◆ **WHAT IS NEEDED**:
Without copying any picture, return all lines below exactly.

[Opening INFORMATION SHOWN section]

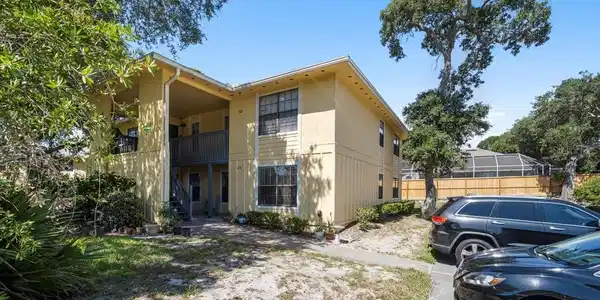 42 BRIGANTINE COURT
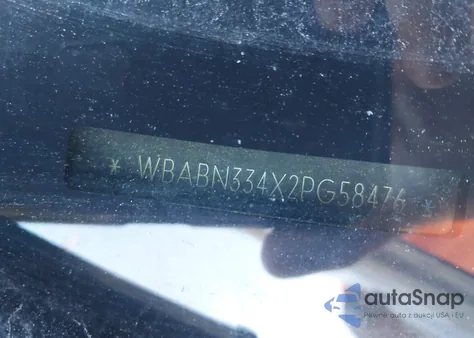 2002 BMW 325Ci z USA, uszkodzony, nr VIN WBABN334X2PG58476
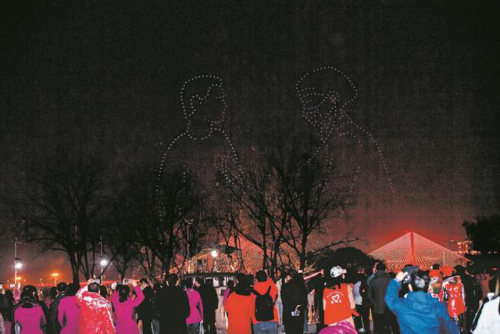 十一地援鄂英雄夜赏长江灯光秀，千架无人机升空摆出守护健康字样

[Closing INFORMATION SHOWN section]

◆ **RESULT OF THIS TASK**:
 42 BRIGANTINE COURT
 2002 BMW 325Ci z USA, uszkodzony, nr VIN WBABN334X2PG58476
 十一地援鄂英雄夜赏长江灯光秀，千架无人机升空摆出守护健康字样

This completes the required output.